§ TRY IT
Output each record exactly, with nothing omitted.

§ RECORDED DATA
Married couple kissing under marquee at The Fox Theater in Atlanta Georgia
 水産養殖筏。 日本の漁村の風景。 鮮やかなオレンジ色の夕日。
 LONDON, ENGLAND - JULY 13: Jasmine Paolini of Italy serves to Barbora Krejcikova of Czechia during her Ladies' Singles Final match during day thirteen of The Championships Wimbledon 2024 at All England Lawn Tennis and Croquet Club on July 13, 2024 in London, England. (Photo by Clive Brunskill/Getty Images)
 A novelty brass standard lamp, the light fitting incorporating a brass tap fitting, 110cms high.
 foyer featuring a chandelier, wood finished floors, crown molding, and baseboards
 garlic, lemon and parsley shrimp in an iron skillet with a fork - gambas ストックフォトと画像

§ SOLUTION FOR THIS EXERCISE
Married couple kissing under marquee at The Fox Theater in Atlanta Georgia
 水産養殖筏。 日本の漁村の風景。 鮮やかなオレンジ色の夕日。
 LONDON, ENGLAND - JULY 13: Jasmine Paolini of Italy serves to Barbora Krejcikova of Czechia during her Ladies' Singles Final match during day thirteen of The Championships Wimbledon 2024 at All England Lawn Tennis and Croquet Club on July 13, 2024 in London, England. (Photo by Clive Brunskill/Getty Images)
 A novelty brass standard lamp, the light fitting incorporating a brass tap fitting, 110cms high.
 foyer featuring a chandelier, wood finished floors, crown molding, and baseboards
 garlic, lemon and parsley shrimp in an iron skillet with a fork - gambas ストックフォトと画像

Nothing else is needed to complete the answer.